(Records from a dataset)
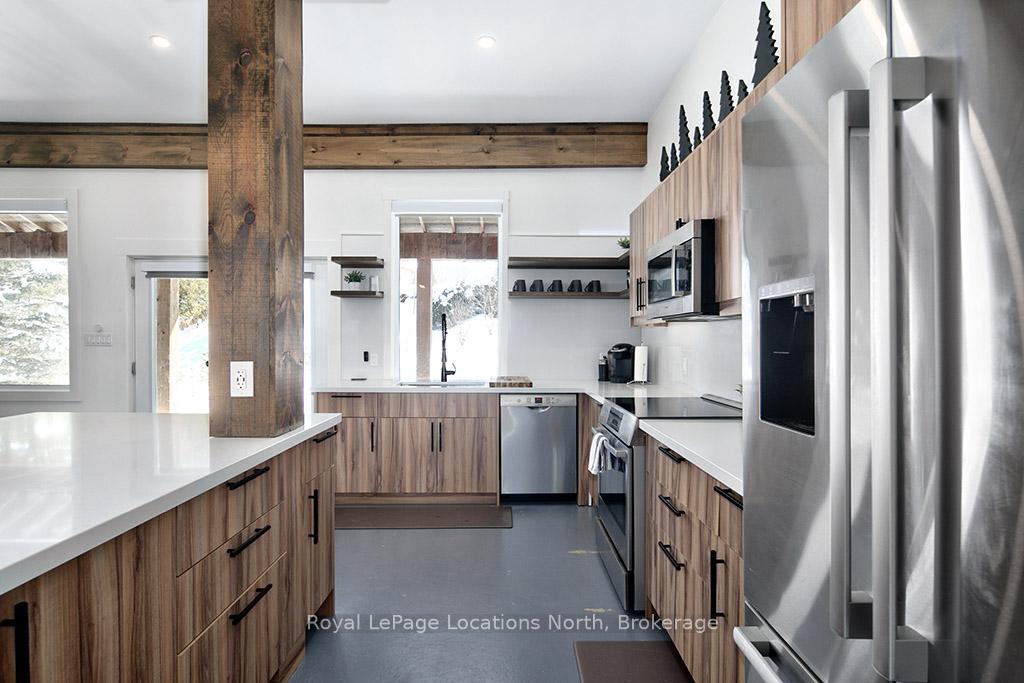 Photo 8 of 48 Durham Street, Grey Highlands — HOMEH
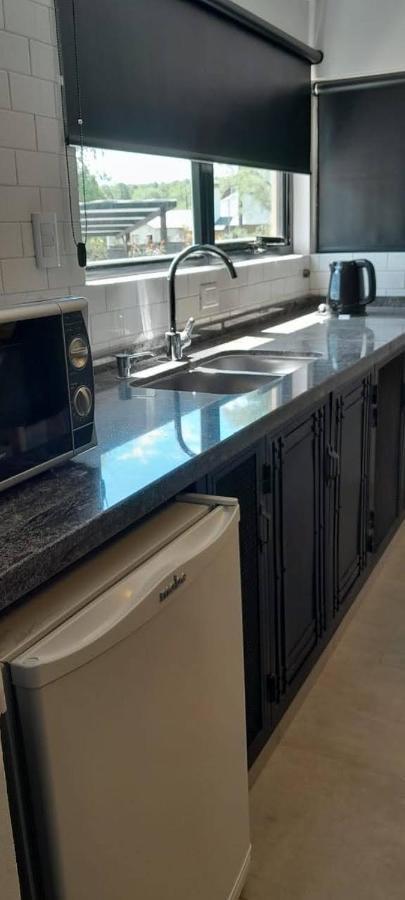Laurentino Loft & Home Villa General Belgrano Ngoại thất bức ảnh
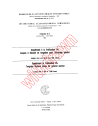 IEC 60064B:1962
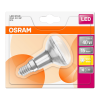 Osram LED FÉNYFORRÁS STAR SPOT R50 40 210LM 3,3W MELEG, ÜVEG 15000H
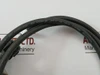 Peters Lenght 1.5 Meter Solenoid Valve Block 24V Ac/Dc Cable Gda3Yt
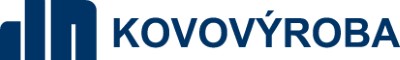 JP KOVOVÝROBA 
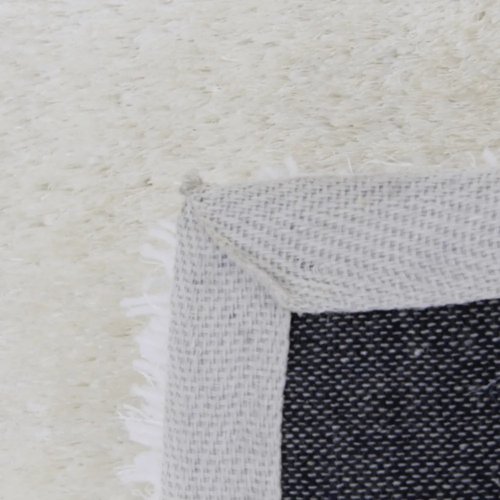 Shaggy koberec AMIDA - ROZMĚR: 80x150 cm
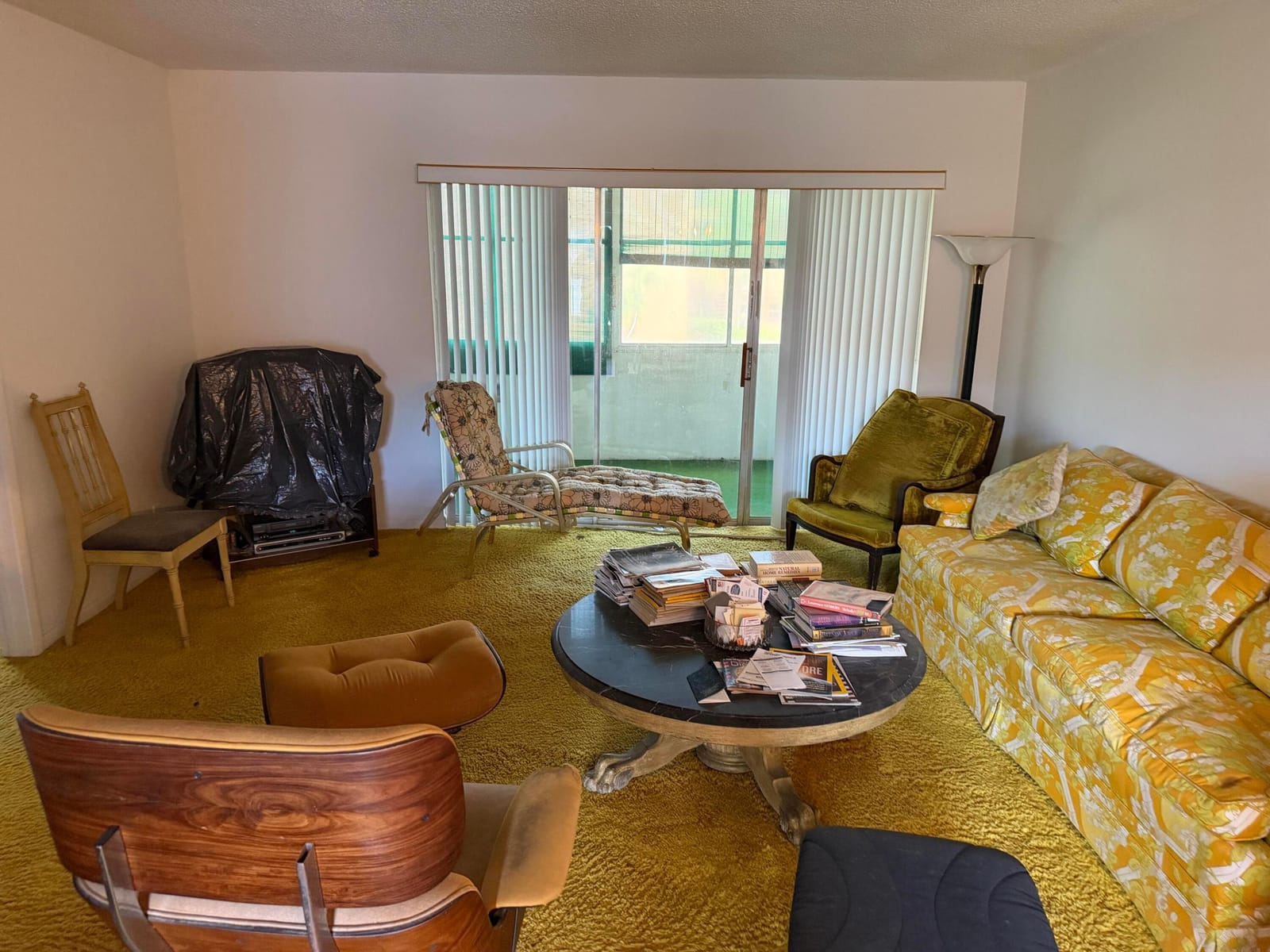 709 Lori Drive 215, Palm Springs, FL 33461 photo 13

What needs to be done:
Return all of the entries word for word, but omit the pictures.

Output for this exercise:
 Photo 8 of 48 Durham Street, Grey Highlands — HOMEH
Laurentino Loft & Home Villa General Belgrano Ngoại thất bức ảnh
 IEC 60064B:1962
 Osram LED FÉNYFORRÁS STAR SPOT R50 40 210LM 3,3W MELEG, ÜVEG 15000H
 Peters Lenght 1.5 Meter Solenoid Valve Block 24V Ac/Dc Cable Gda3Yt
 JP KOVOVÝROBA 
 Shaggy koberec AMIDA - ROZMĚR: 80x150 cm
 709 Lori Drive 215, Palm Springs, FL 33461 photo 13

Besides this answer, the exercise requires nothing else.